When I was still a teenager, I became an active leader at the SBK Social Justice Center, a local organization dedicated to serving Hudson’s Black youth. During my time at the Center, I ran summer children’s workshops as part of the Kite’s Nest Social Justice Leadership Academy and started my own weekly youth program called Space 101. I also worked to keep children in our communities by winning local juvenile justice reforms and creating alternatives to incarceration for youth.
And in 2020, I helped transition SBK Social Justice Center into the Hudson/Catskill Housing Coalition, serving as its Executive Director to advocate for affordable, stable housing for all.
Today, I’m serving my second term on the Columbia County Board of Supervisors, as the first Black woman elected to the body. In that position, I helped secure $250,000 for affordable housing and passed a criminal justice resolution with bipartisan support.
My kids deserve leaders they can look up to. That’s not Didi Barrett.
As one of the most conservative Democrats in Albany, Assemblywoman Didi Barrett has proven that she’s out-of-touch with what families in her district need. She’s spent her decade in office voting with Republicans and protecting the powerful by:
- Collaborating with the fossil fuel industry to increase air pollution by advocating for a methane bill that “delays the costs of climate change to future generations”.
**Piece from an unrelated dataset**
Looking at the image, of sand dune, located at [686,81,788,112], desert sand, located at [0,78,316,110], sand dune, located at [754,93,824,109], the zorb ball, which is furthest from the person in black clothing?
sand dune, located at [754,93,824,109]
- Barrett’s bill would change the way New York calculates methane emissions, pumping more pollution into the air for decades to come and completely gutting the state’s climate laws. Every major climate group in the state fiercely opposes this plan—they’ve even protested outside Barrett’s office.
- Voting against most of NY’s landmark gun safety measures, including a “red flag” law, waiting periods, the right for victims to sue the gun lobby, a ban on convicted domestic abusers from owning guns, and “Nicholas’s Law,” which requires the safe storage of guns out of the hands of children.
- Opposing basic labor protections for farmworkers by voting against their rights to unionize, one day off a week, 8-hour workdays, and workers’ compensation, as well as vocalizing her opposition to lowering the 60-hour overtime threshold.
- Supporting the evictions of families from their homes and further rent increases by voting against two COVID-19 eviction moratoriums and other pro-renter bills over the years, while refusing to support tenant protections like Good Cause Eviction.
- Siding with Donald Trump over New Yorkers by voting against protections for undocumented immigrants during his first month in office, as well as voting against legislation allowing state prosecutors to charge Trump’s associates if he pardoned them federally
I’m running for Assembly because the Hudson Valley deserves better.
I’m running to give Columbia and Dutchess Counties their first chance to decide what kind of Democrat they want representing them in Albany. Are we okay with a Democrat who votes with Republicans and works with the fossil fuel industry to make the climate crisis worse?
Or are we ready to send a new kind of Democrat to Albany—someone fighting for housing as a human right, a Green New Deal for the Hudson Valley, and a New York that’s affordable for all of us? I’m confident that we’ll make the right choice this June—because we deserve better. The Hudson Valley deserves better.